Closed sstidl closed 8 months ago
I have exactly the same problem. The WIFI connection is very bad with the new version, every few seconds there is no connection.
Are you using MQTT? Is it more stable with the MQTT host left empty?
Oops, for me the ESP8266 is dead now. PowerOn reset doesn't solve/improve the issue. No ping reply for the last minutes after upgrading from 0.6.0 to 0.6.9. :-( Seems, that I'll downgrade to 0.6.0 by USB connetion again and keep on this stable version for the next months. ;-)
Are you using MQTT?
Yes, MQTT is the most important feature for me. ;-)
I'm too using mqtt.
Mqtt is sending data but webui is not usable and so many pings lost.
But as I said, the most important question is, why touching the antenna makes a difference?
Does the ping situation improve when you set an empty MQTT host? I'm trying to find out whether the problem is related to the MQTT code. I don't know why touching the antenna makes a difference.
After deleting the MQTT host settings I didn't observe any WiFi/ping issue "Zeitüberschreitung" (timeout) are the missing replies during restart (flash process 0.6.0 => 0.6.9).
Strange, after configuring the MQTT part with the same values Ahoy is reacting as aspected and I can access the UI. :-) Please keep in mind that I didn't have any issue by touching the antenna as my ESP8266 is in a housing. ;-)

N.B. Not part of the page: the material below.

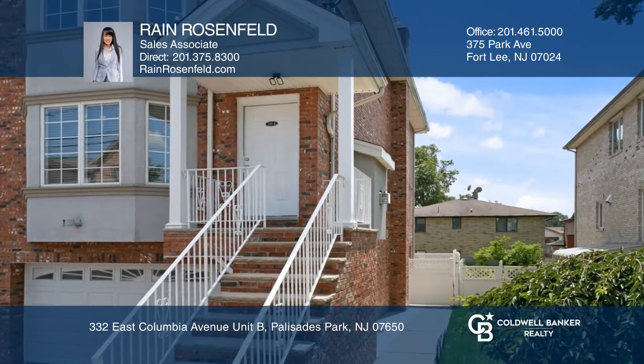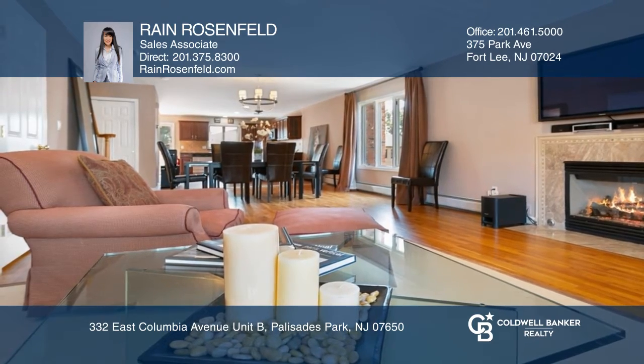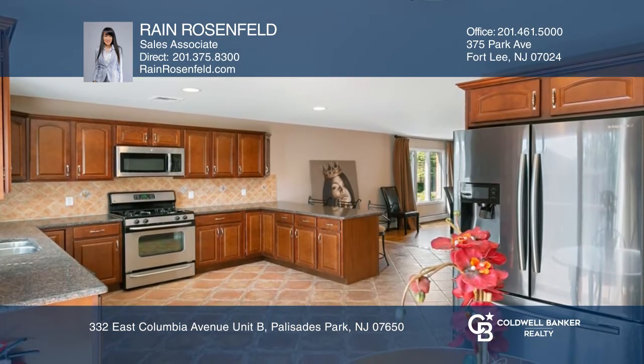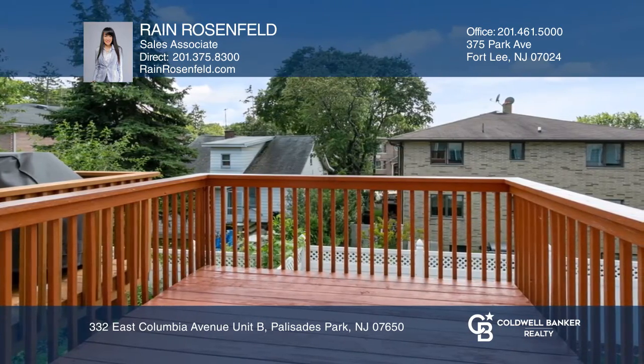This duplex townhome offers open concept living and dining with high ceilings and a gas fireplace. The spacious eat-in kitchen features custom cabinetry, high-end stainless steel appliances, and access to a large deck.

Same here, problem disappears when disabling MQTT and DTU stays working fine when re-activating MQTT then. Still monitoring, haven't found out yet 100% what's going on. Hope we learn more here soon as this is a showstopper
At this point I'm not sure why it's behaving that way, but I have seen a few reports linking it to MQTT, which is why I asked about diabling it. Your results seem to confirm that it has to be something to do with the MQTT code. Glancing over the commits leading up to 0.6.9 I only found something related to an MQTT subscribe action.

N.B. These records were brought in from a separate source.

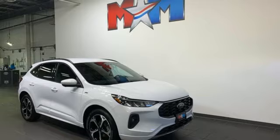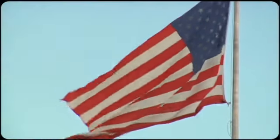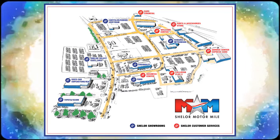Hurry in today and see it for yourself. Come visit us on the Motor Mile, where you're always a name and never a number. Call, click, or stop in. We're conveniently located at 200 Motor Lane in Christiansburg, Virginia.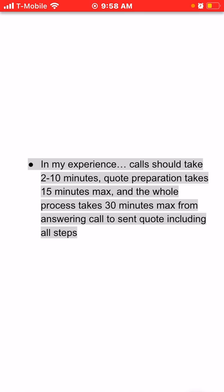From there it just has to be reviewed, approved, and sent. That whole process — from the first ring to pressing send and having the person receive the quote — should take 30 minutes maximum. That's a really slow, complex quote where the phone call itself was 10 minutes, quote preparation took 15 minutes, and sending and other details took about five minutes. The whole process end to end should take 30 minutes.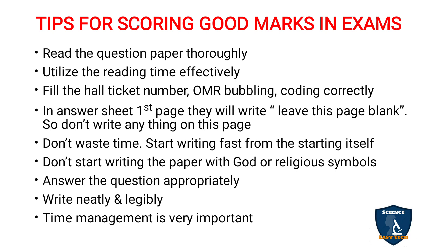Don't start writing the paper with God or religious symbols such as Aum, a Jesus cross symbol, or a crescent moon. Don't show your religious faith in your answer sheet — this will create a negative impression on the person correcting your exam paper. Just pray to God wholeheartedly in your heart; that is enough. Definitely you will be rewarded with good marks, but don't write religious symbols on the answer sheet.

If I were to guess, I'd say the MQTT code gets stuck in a loop somehow and eats up most of the CPU time.
Did some further testing here as well after reporting issues with WiFi on #882 Thread during Dev already Now, did move the DTU closer to the HM's (5m) and changed sending power from Max to Low. TX retransmits are still very high / same (3985 retreansmitts while 4514 TX count) so this is much worse than with 0.6.0 and was also noticed in #906 Also, did move a WiFi repeater closer to the DTU so the DTU has now -43 RSSI. Voila the DTU is now running rock solid for 24 hours already sending Data via MQTT and handling limit changes via MQTT on the fly with 0.6.9 Based on the comments from @lumapu and @beegee3 in #882 my assumption is, the ESP is busy with retransmits on the NRF and doesn't have much time anymore to handle Wifi. Now, if Wifi isn't in a 'perfect' state requiring retransmits as well, the ESP is running wild as it's unable to handle buffered data for MQTT anymore. Still running MQTT and still running with 5 Inverters so the setup hasn't been changed on that side. So, the underlying reason for the 'hickups' now could really be something that has changed in the NRF24 space clogging everything else. To be confirmed by the experts, will let you know if anything changes here
zwei logs (minicom -D /dev/ttyUSB0), die das instabile Wifi zeigen:
die DTU liegt immer an derselben Stelle, rssi ist zwischen -40 und -60, mal steht die Verbindung über Stunden, mal kommt keine zustande
mir fiel auch auf, daß ein AP meistens als SSID AhoyDTU aufgebaut wird, manchmal aber auch
als ESP_
Vielleicht hilft das ja irgendwie.
Ich würde euch auch gerne mit meinen Beobachtungen unterstützen, denn ich habe das gleiche Problem. ESP32, ext. Antenne, Ahoy-DTU steht ca. 1,5m von der Fritzbox entfernt, ca. 4m vom Inverter. Verbindungsabbrüche zu MQTT, WebUI und Inverter. Verhalten trat sporadisch mit 0.5.66 auf, mit 0.6.12 ist keine beständige Kommunikation mehr möglich. Mein AhoyDTU hängt an einer Schaltsteckdose. Es fällt auf, dass der normale Verbrauch von 0,7-0,8W sehr konstant ist, wenn der Ahoy die Verbindung aufgebaut hat. Bei Verbindungsabbrüchen erhöht sich der Verbrauch auf 1,3-1,4W, ich vermute er geht auf Volllast.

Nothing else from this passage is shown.